Nothing is learned unless it rests in pupils’ long-term memories, which is why our enrichment programme is so vital to provide ‘real’ and ‘visual’ memories that relates to their learning. This does not happen, and cannot be assessed, in the short term. Assessment, therefore answers two main questions: ‘How well are pupils coping with curriculum content? and ‘How well are they retaining previously taught content?’
The impact of our curriculum is that by the end of each topic area in the different subjects, the children who stay with us, in the long term, will have a firm grasp of the curriculum content, that is, they remember it and are fluent in it, with pupils gaining a greater depth of understanding. We monitor lessons, children’s work and pupil voice carefully to ensure that the vast majority of our pupils are on track to reach the expectations of our curriculum.

Core Subjects including RE are assessed using termly assessments and termly tracking systems are updated. The Assessment lead and the class teacher subsequently produces termly reports showing attainment and progress of individuals and groups and this is shared with subject leaders, class teachers and other relevant stakeholders e.g. Governors. Foundation subjects are formatively assessed against the key objectives and progression maps and against how likely pupils are to reach age related expectations by the end of each key stage. This information is used by class teachers to adapt their planning and is collated and reported to parents each term with a formal written report at the end of the school year.

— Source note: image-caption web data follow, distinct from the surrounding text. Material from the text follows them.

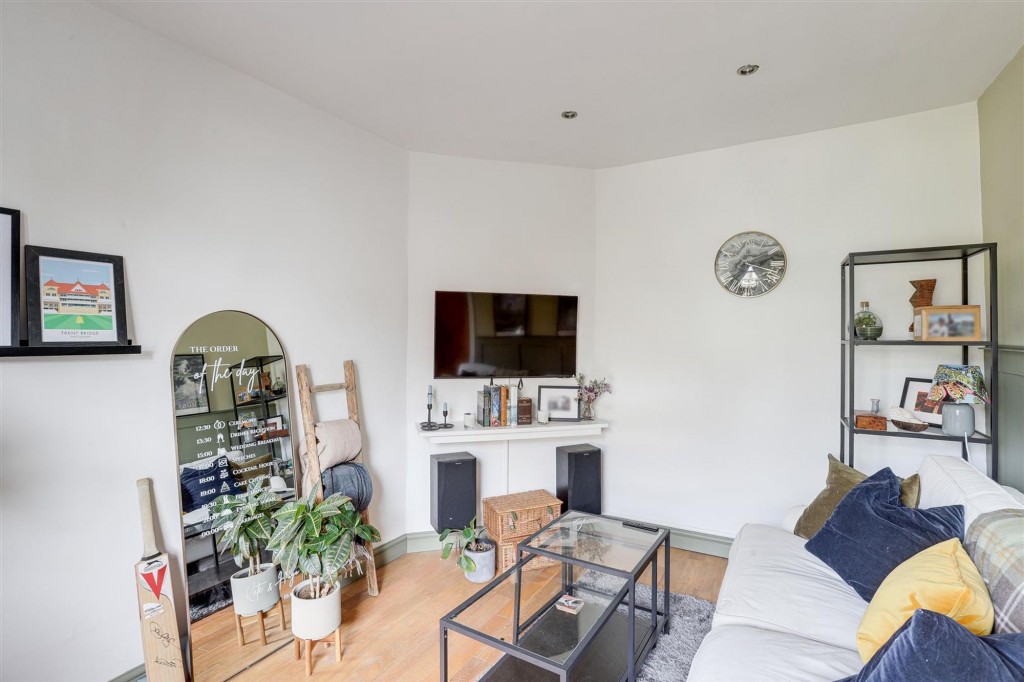 Bede Ling, West Bridgford, NG2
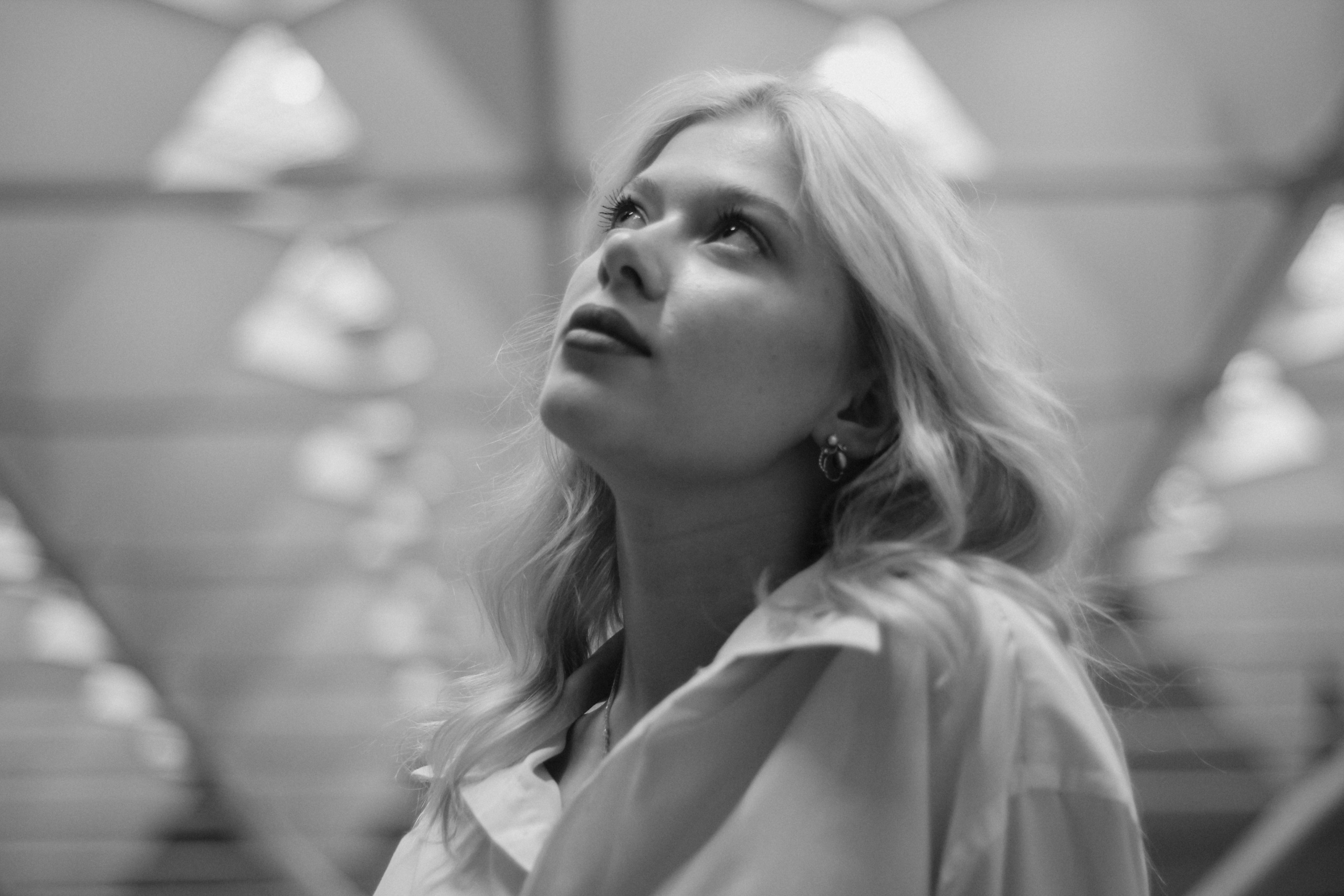 ANGEL. Портретный фотограф DanilNabody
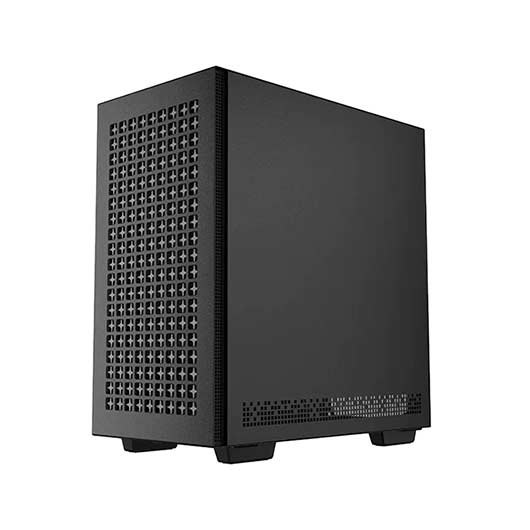 TORRE M-ATX DEEPCOOL CH370 BLACK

Assessment data is used to identify gaps in pupil’s knowledge, skills and understanding and to inform curriculum evaluations and design.

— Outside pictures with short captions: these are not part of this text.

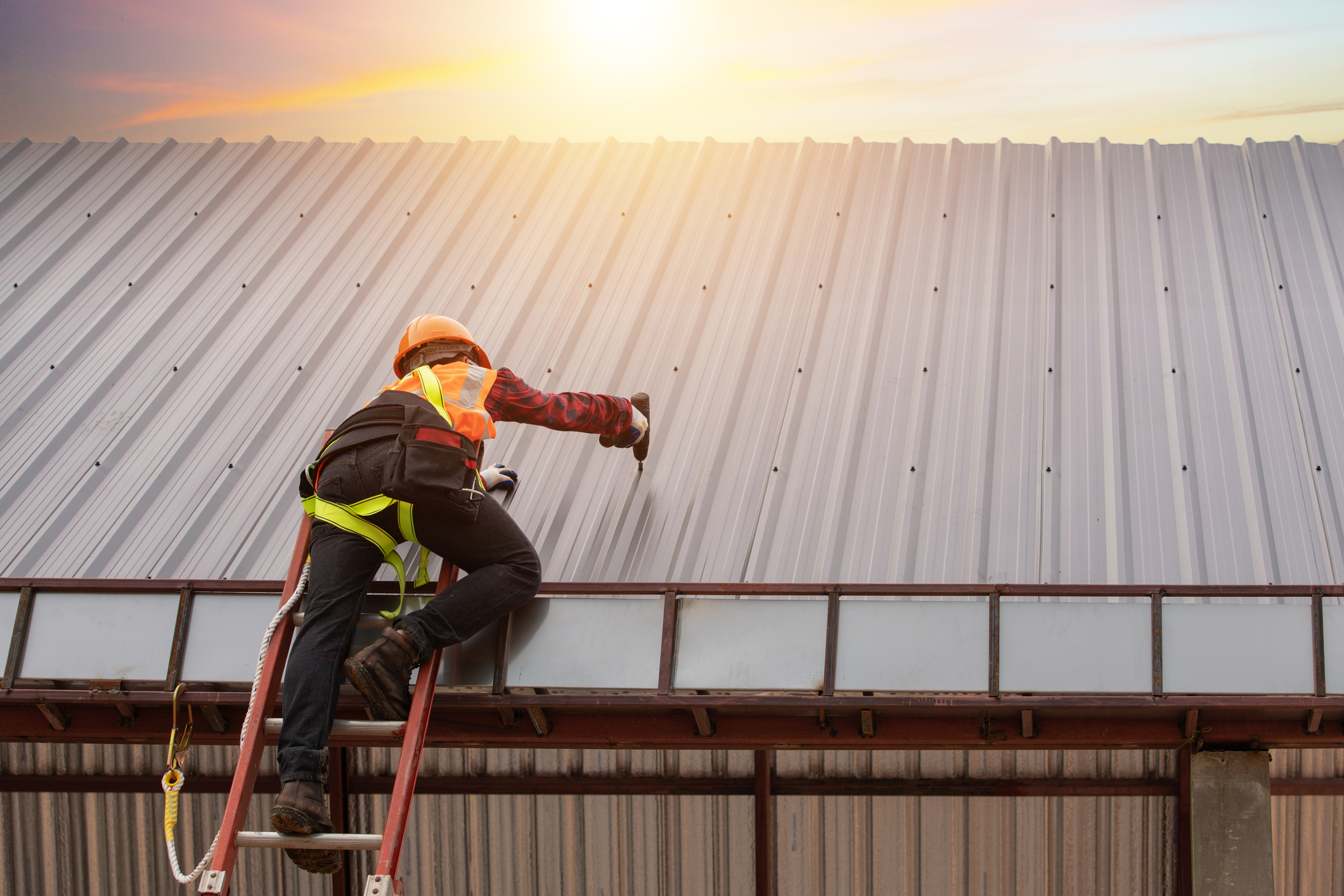 Images East Coast Roofing & Renovations Ltd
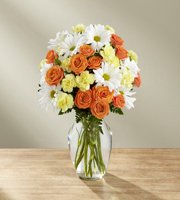 The FTD� Sweet Splendor� Bouquet
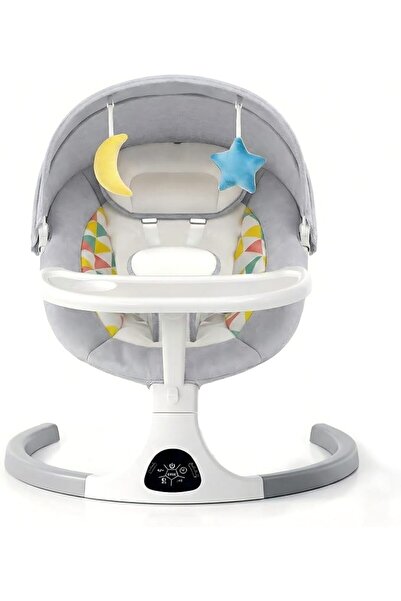 GENERAL Baby Seat Bentivare Infant Steel Gray 3.8 kg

Many of our EAL and SEND learners find the impact of our strategies to aid their learning or, at the very least, give them the chance to communicate and access the curriculum. These strategies include our use of Makaton. We are now an accredited Makaton friendly school and use this with many of our children. We have also been accredited with the Inclusion Charter Mark, which recognises the inclusive provision we provide.

Curriculum review is an on-going process at St. Nicholas’, with evidence gathered from monitoring constantly informing its design and development. In addition, we undertake a more formal curriculum review at the end of each academic year, taking into account the views of pupils, staff, parents and governors and making changes accordingly. Our curriculum is constantly being refined and renewed in order to provide our pupils with the best possible provision and outcomes.